Alan Rathbone

Personal information
- Born: 20 October 1958 Warrington, England
- Died: 4 June 2016 (aged 57) Westbrook, Warrington, England

Playing information
- Position: Second-row, Loose forward
Club
| Years | Team | Pld | T | G | FG | P |
| 1976–78 | Leigh | 21+9 | 3 | 0 | 0 | 9 |
| 1978–79 | Rochdale Hornets | 18+7 | 1 | 0 | 0 | 3 |
| 1979–81 | Leigh | 44+3 | 7 | 0 | 0 | 21 |
| 1981–85 | Bradford Northern | 86+11 | 17 | 0 | 1 | 59 |
| 1985–87 | Warrington | 27+6 | 3 | 0 | 0 | 12 |
| 1987 | Leeds | 1 | 0 | 0 | 0 | 0 |
|  | Total | 233 | 31 | 0 | 1 | 104 |
Representative
| Years | Team | Pld | T | G | FG | P |
| 1982–85 | Great Britain | 6 | 0 | 0 | 0 | 0 |
| 1979 | GB Under 24 | 0+1 | 0 | 0 | 0 | 0 |
- Source:

= Alan Rathbone =

GB international rugby league footballer

Alan Rathbone (20 October 1958 – 4 June 2016), also known by the nicknames of "Action", and "Rambo", was an English amateur boxer, and professional rugby league footballer who played in the 1970s and 1980s. He played at representative level for Warrington Schoolboys, Great Britain Schoolboys, British Amateur Rugby League Association (BARLA) Under-19s, Great Britain Under-21s, Great Britain Under-24s, and Great Britain, and at club level for Leigh (two spells), Rochdale Hornets, Bradford Northern, Warrington, and Leeds, as a , or .

==Background==
Alan Rathbone was born in Warrington, Lancashire, England. He grew up in Bewsey, Warrington, and worked as a painter at K. T. Painters in Warrington, after retiring from rugby league. He suffered from arthritis in his hand, knees, and shoulders due to the injuries he had sustained while playing rugby league. He died aged 57 in Westbrook, Warrington, Cheshire, and his funeral took place at 1pm on Thursday 30 June 2016 at Walton Lea Crematorium, Walton, Warrington.

==Playing career==

===International honours===
Alan Rathbone won caps for Great Britain while at Bradford Northern in 1982 against France, and Australia, in 1983 against France (2 matches), and in 1985 against France (2 matches).

In addition to the above Test matches, Alan Rathbone played in Great Britain's 7–8 defeat by France in the friendly at Stadio Pier Luigi Penzo, Venice on Saturday 31 July 1982.

===County Cup Final appearances===
Alan Rathbone played in Bradford Northern's 5–10 defeat by Castleford in the 1981 Yorkshire Cup Final during the 1981–82 season at Headingley, Leeds, on Saturday 3 October 1981, and played , and was sent-off for a late-tackle on Ian Potter in Warrington's 8–34 defeat by Wigan in the 1985 Lancashire Cup Final during the 1985–86 season at Knowsley Road, St. Helens, on Sunday 13 October 1985.
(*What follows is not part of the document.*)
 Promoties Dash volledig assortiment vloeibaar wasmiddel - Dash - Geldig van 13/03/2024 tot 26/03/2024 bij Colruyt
===John Player Special Trophy Final appearances===
Alan Rathbone appeared as a substitute (replacing Kevin Tamati) in Warrington's 4–18 defeat by Wigan in 1986–87 John Player Special Trophy Final during the 1986–87 season at Central Park, Wigan on Saturday 10 January 1987.

===Club career===
Alan Rathbone made his début for Leigh against Castleford during September 1976. He was transferred from Leigh to Rochdale Hornets during 1978, transferred from Rochdale Hornets back to Leigh during 1979, transferred from Leigh to Bradford Northern on 16 June 1981 for £17,000 (based on increases in average earnings, this would be approximately £86,870 in 2016), and transferred from Bradford Northern to Warrington during June 1985 for £40,000 (based on increases in average earnings, this would be approximately £149,800 in 2016). He made his début for Warrington against Bradford Northern at Wilderspool Stadium, Warrington on Sunday 1 September 1985, and he played his last match, and scored a try for Warrington in the 24-12 victory over Hull Kingston Rovers at Wilderspool Stadium, Warrington on Sunday 26 April 1987. He was transferred from Warrington to Leeds during 1987 for £35,000 (based on increases in average earnings, this would be approximately £112,700 in 2016), and made his début for Leeds against Leigh at Headingley, Leeds, when he incurred a severe jaw injury in the first-half, and never played again.